So the question ist whether it is the immune system causing ME or the over- or underactivity of the immune system is only a consequence of ME. Personally, because of the two (or perhaps: three) groups of ME-sufferers, it might be the latter. Or if ME is an autoimmune disease itself (but if that is the case, shouldn't there be any inflammation?)
Auto immunity and an underactive immune system is quite common. I know that from other psoriasis sufferers. But what I find interesting is whether the auto immunity group would have better response to rituximab than the other group. Is there any discussion about that? And: I have read from some doctors that they find there is always a chronic infection going on in ME patients.
First, I suspect many of us harbor infections of some sort, whether or not our doctors have found them. Many doctors don't bother to look, and others are mistaken in their interpretation of the labs and tell patients they don't have an infection when its there.
And most of these infections are no longer acute, but rather the chronic, smoldering kind that destroy our health by hijacking resources, damaging tissues, mingling with our DNA and RNA, and in many cases, triggering autoimmune antibodies.

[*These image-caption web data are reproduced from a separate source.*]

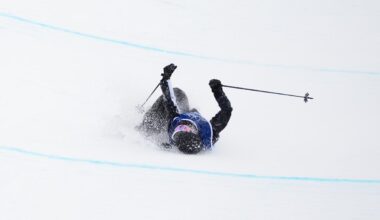 'Nothing but a scratch': Kiwi in good spirits after breaking collarbone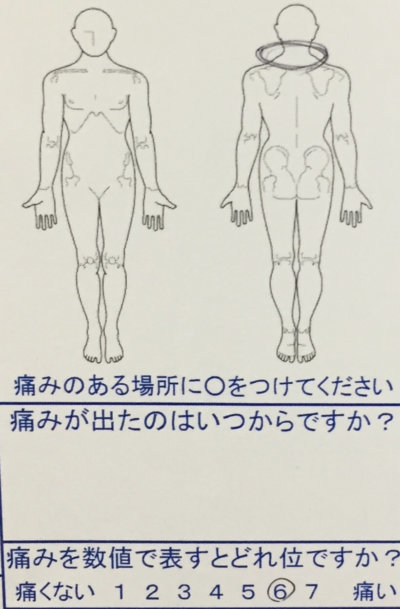 カイロでバキバキされて首が痛い【しびれあり】頚椎椎間板症と診断された30代女性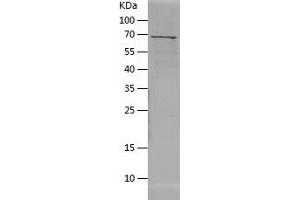 Western Blotting (WB) image for Arylacetamide Deacetylase (Esterase) (AADAC) (AA 24-399) protein (His-IF2DI Tag) (ABIN7121903)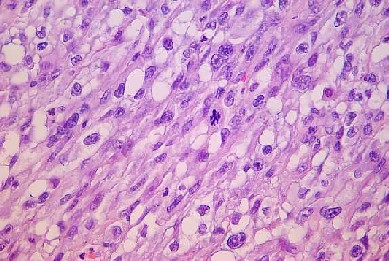 Squamous cell carcinoma
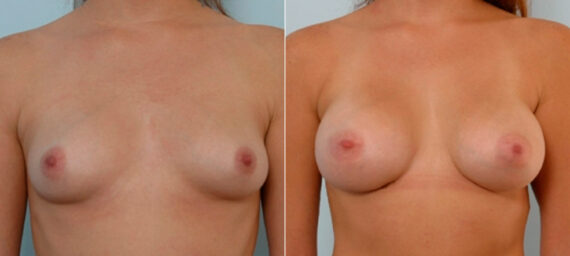Breast Augmentation before and after photos in Houston, TX, Patient 25488
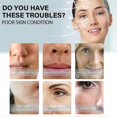 thumbnail image 4 of 120 piezas de hilo de colágeno de seda reafirmante facial antienvejecimiento arrugas rellenos faciales cosméticos cuidado de la piel 60 piezas / caja | 8031724903102, 4 of 5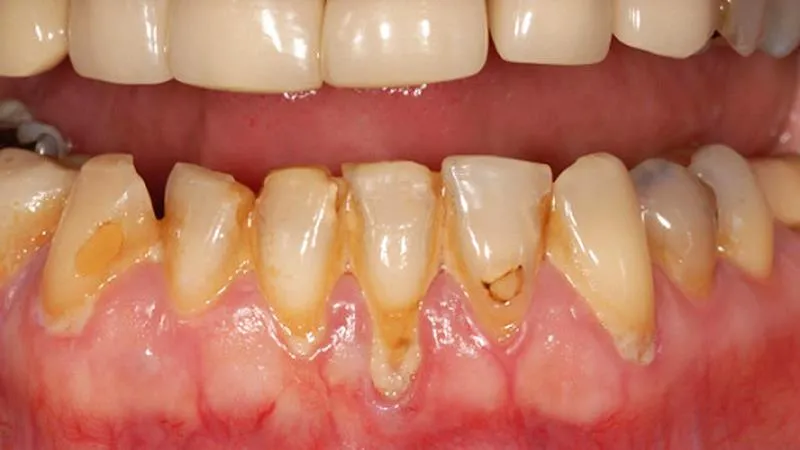 Eumundi Dental Gum Disease Fact Sheet
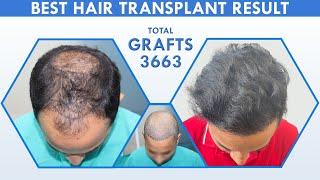 Best hair transplant result in Gurugram | Hair transplant before and after | By Dr.Santpal Sangwan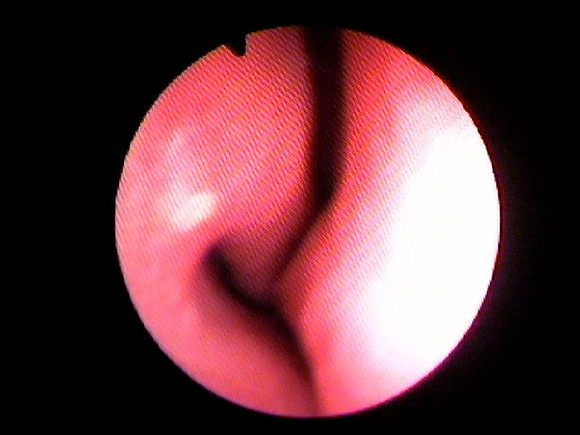1. right nose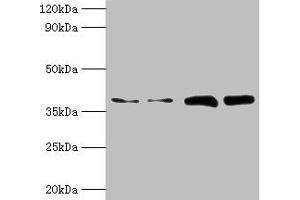 Western blot All lanes: TBCC antibody at 2 μg/mL Lane 1: Hela whole cell lysate Lane 2: HepG2 whole cell lysate Lane 3: A549 whole cell lysate Lane 4: MCF-7 whole cell lysate Secondary Goat polyclonal to rabbit IgG at 1/10000 dilution Predicted band size: 40 kDa Observed band size: 40 kDa (TBCC anticorps  (AA 2-346))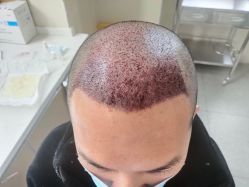 -大麦微针植发丨全国连锁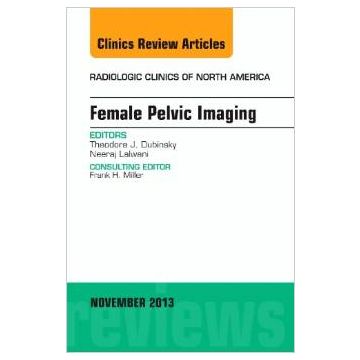 Female Pelvic Imaging, An Issue of Radiologic Clinics of North America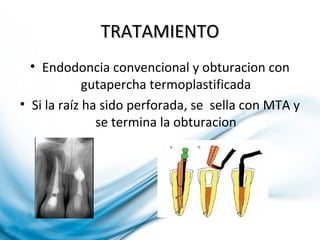 TRATAMIENTOTRATAMIENTO
• Endodoncia convencional y obturacion con
gutapercha termoplastificada
• Si la raíz ha sido perforada, se sella con MTA y
se termina la obturacion
 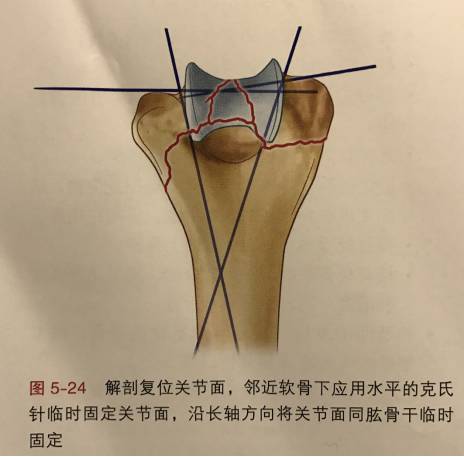 肱骨遠端骨折的臨床診治要點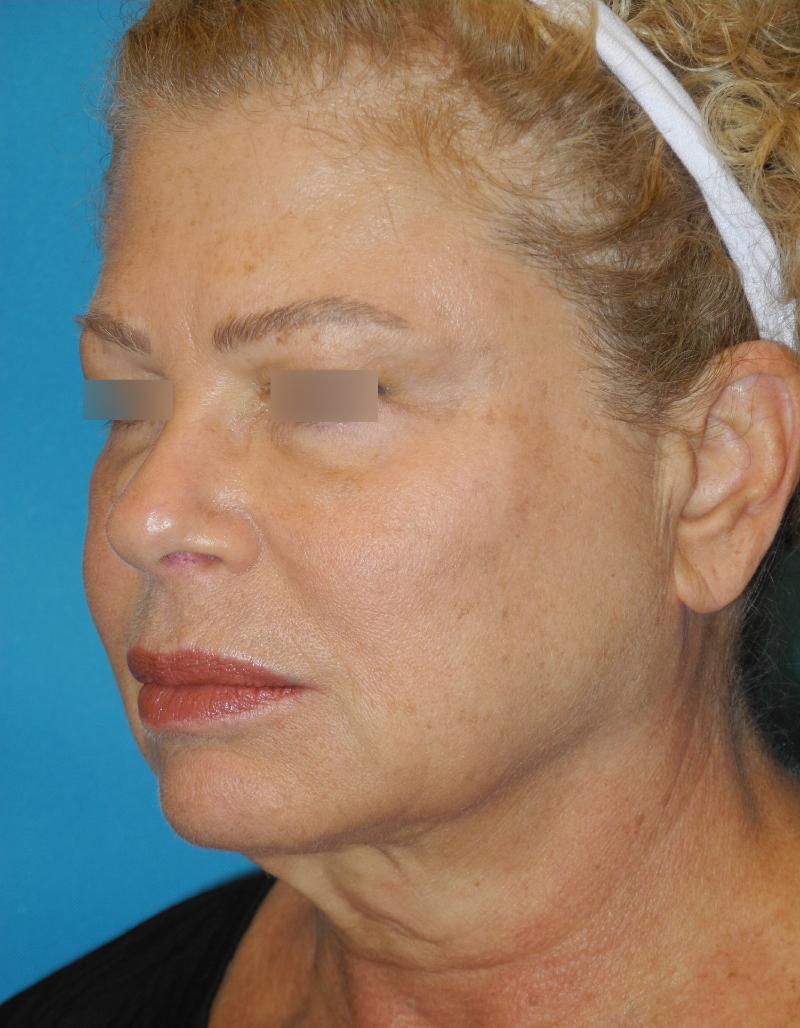 Blepharoplasty case #3989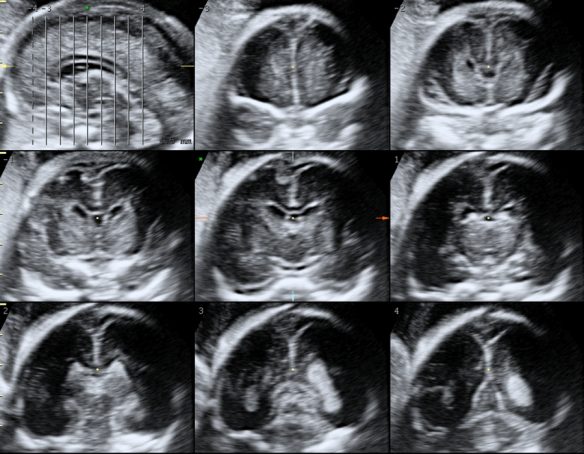Fetal Neurosonogram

Mark Davis, at the OMF Symposium, gave s brief layperson's overview of the antibody toolkit we're born with, so that we can create antibodies from building blocks to anything we encounter. Sometimes, the body inappropriately makes antibodies to thins it shouldn't, as in Hashimotos, lupus, etc.

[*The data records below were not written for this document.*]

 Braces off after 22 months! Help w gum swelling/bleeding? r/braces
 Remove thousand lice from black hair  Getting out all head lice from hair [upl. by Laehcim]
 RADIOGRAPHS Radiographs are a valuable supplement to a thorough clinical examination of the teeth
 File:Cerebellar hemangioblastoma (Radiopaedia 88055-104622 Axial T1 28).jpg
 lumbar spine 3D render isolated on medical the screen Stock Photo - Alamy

And some of us are more genetically prone to making antibodies. In going through my health history, my ME/CFS specialist noted I had Hashimotos, celiac, and multiple food allergies and immediately created an action item to see if I had antibodies that have been noted in ME/CFS patients, which I did.
Depending on the status of these infections and autoimmune antibodies, our level of inflammation may vary, from very little to quite a lot and it may vary through our the body, with more in the brain, more in the gut, or less in other places, for example.
Therefore, there's no one-size-fits-all solution, its a matter of treating us as individuals.
As for Rituximab, I'm still learning, but it seems that one needs to clear any infections as much as possible first, then use Rituximab to wipe out the B cells with the troublesome antibodies. That's why a few doctors are starting people with IVIG and antivirals/antibiotics/LDN, then moving to Rituximab.
None of this is commonplace, its very experimental, and there are significant side effects and risks involved.
It is worth getting the best diagnosis you can and thoroughly researching all possible treatment modalities as there are situations where the risks can be fatal or at least very damaging. (My current opinion...)
That's why looking at 10-pass ozone might be a possibility. And then there are various stem cell transplants, which are quite controversial. And a long list of other treatments that may work for some if us, yet not for others.